(Dataset content begins)
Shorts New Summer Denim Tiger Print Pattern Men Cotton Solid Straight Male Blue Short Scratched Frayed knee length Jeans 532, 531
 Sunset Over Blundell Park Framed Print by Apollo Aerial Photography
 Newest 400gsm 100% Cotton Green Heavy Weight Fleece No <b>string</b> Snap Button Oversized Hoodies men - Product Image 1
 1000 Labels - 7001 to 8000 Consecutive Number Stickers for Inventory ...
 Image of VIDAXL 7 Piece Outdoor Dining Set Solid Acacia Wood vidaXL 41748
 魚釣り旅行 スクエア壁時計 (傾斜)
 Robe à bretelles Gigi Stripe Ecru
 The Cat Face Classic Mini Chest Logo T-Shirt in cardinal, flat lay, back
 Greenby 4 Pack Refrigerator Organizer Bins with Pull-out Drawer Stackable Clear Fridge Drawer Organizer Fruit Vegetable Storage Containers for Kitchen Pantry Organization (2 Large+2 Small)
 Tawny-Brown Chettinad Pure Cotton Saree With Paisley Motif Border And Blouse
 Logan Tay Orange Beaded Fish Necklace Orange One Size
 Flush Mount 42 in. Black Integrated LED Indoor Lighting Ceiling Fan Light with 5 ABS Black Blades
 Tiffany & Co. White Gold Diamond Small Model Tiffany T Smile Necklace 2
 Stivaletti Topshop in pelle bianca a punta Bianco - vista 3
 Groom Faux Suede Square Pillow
(Dataset content ends)
Work order => Repeat all the entries exactly as given.

Answer space =>
Shorts New Summer Denim Tiger Print Pattern Men Cotton Solid Straight Male Blue Short Scratched Frayed knee length Jeans 532, 531
 Sunset Over Blundell Park Framed Print by Apollo Aerial Photography
 Newest 400gsm 100% Cotton Green Heavy Weight Fleece No <b>string</b> Snap Button Oversized Hoodies men - Product Image 1
 1000 Labels - 7001 to 8000 Consecutive Number Stickers for Inventory ...
 Image of VIDAXL 7 Piece Outdoor Dining Set Solid Acacia Wood vidaXL 41748
 魚釣り旅行 スクエア壁時計 (傾斜)
 Robe à bretelles Gigi Stripe Ecru
 The Cat Face Classic Mini Chest Logo T-Shirt in cardinal, flat lay, back
 Greenby 4 Pack Refrigerator Organizer Bins with Pull-out Drawer Stackable Clear Fridge Drawer Organizer Fruit Vegetable Storage Containers for Kitchen Pantry Organization (2 Large+2 Small)
 Tawny-Brown Chettinad Pure Cotton Saree With Paisley Motif Border And Blouse
 Logan Tay Orange Beaded Fish Necklace Orange One Size
 Flush Mount 42 in. Black Integrated LED Indoor Lighting Ceiling Fan Light with 5 ABS Black Blades
 Tiffany & Co. White Gold Diamond Small Model Tiffany T Smile Necklace 2
 Stivaletti Topshop in pelle bianca a punta Bianco - vista 3
 Groom Faux Suede Square Pillow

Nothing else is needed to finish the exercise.